My current setup for work on server side is like this -- I have a manager (with poller) which waits for incoming requests for work to do. Once something is received it creates worker (with separate poller, and separate ports/sockets) for the job, and further on worker communicates directly with client.
What I observe that when there is some intense traffic with any of the worker it disables manager somewhat -- ReceiveReady
events are fired with significant delays.
NetMQ documentation states "Receiving messages with poller is slower than directly calling Receive method on the socket. When handling thousands of messages a second, or more, poller can be a bottleneck." I am so far below this limit (say 100 messages in a row) but I wonder whether having multiple pollers in single program does not clip performance even further.
I prefer having separate instances because the code is cleaner (separation of concerns), but maybe I am going against the principles of ZeroMQ? The question is -- is using multiple pollers in single program performance wise? Or in reverse -- do multiple pollers starve each other by design?
Poller()
instances:Design system based on facts and requirements, rather than to listen to some popularised opinions.

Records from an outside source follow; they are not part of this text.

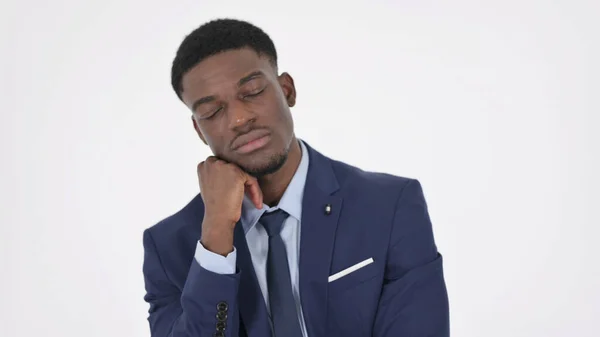 Sleeping African Businessman on White Background — ストック写真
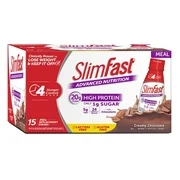 SlimFast Advanced Nutrition Meal Replacement Shake, Creamy Chocolate, 11 Fl Oz, 15 Ct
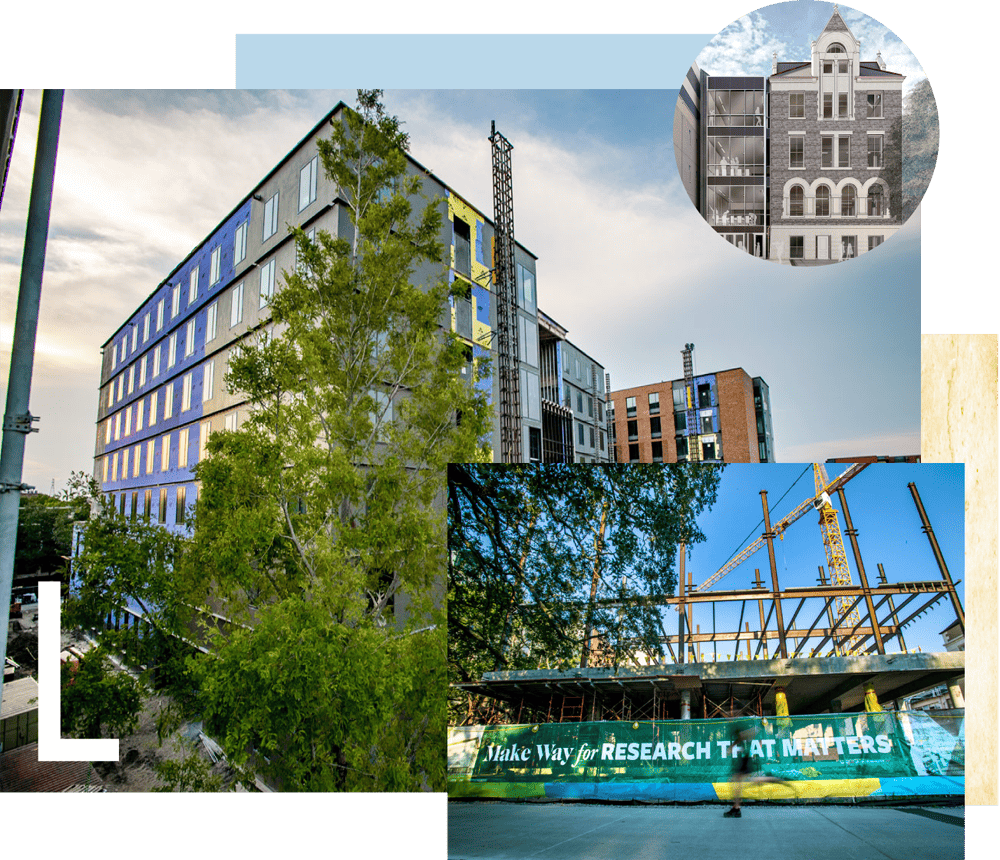 Collage of uptown campus construction projects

Implement performance benchmarks and measure details about actual implementation. Comparing facts against thresholds is a.k.a. a Fact-Based-Decision.
your core logic inside an event-responding loop is to handle several classes of ZeroMQ integrated signallin / messaging inputs/outputs, all in a principally non-blocking mode plus your design has to spend specific amount of relative-attention to each such class.
One may accept some higher inter-process latencies for a remote-keyboard ( running a CLI-interface "across" a network, while your event-loop has to meet a strict requirement not to miss any "fresh" update from a QUOTE-stream. So one has to create a light-weight Real-Time-SCHEDULER logic, that will introduce one high-priority Poller()
for non-blocking ( zero-wait ), another one with ~ 5 ms test on reading "slow"-channels and another one with a 15 ms test on reading the main data-flow pipe. If you have profiled your event-handling routines not to last more than 5 ms worst case, you still can handle TAT of 25 ms and your event-loop may handle systems with a requirement to have a stable control-loop cycle of 40 Hz.
Not using a set of several "specialised" pollers will not allow one to get this level of scheduling determinism with an easily expressed core-logic to integrate in such principally stable control-loops.
I use similar design so as to drive heterogeneous distributed systems for FOREX trading, based on external AI/ML-predictors, where transaction times are kept under ~ 70 ms ( end-to-end TAT, from a QUOTE arrival to an AI/ML advised XTO order-instruction being submitted ) right due to a need to match the real-time constraints of the control-loop scheduling requirements.
If the documentation says something about a poller performance, in the ranges above 1 kHz signal delivery, but does not mention anything about a duration of a signal/message handling-process, it does a poor service for the public. The first step to take is to measure the process latencies, next, analyse the performance envelopes. All ZeroMQ tools are designed to scale, so has the application infrastructure -- so forget about any SLOC-sized examples, the bottleneck is not the poller instance, but a poor application use of the available ZeroMQ components ( given a known performance envelope was taken into account ) -- one can always increase the overall processing capacity available, with ZeroMQ we are in a distributed-systems realm from a Day 0, aren't we?
So in concisely designed + monitored + adaptively scaled systems no choking will appear.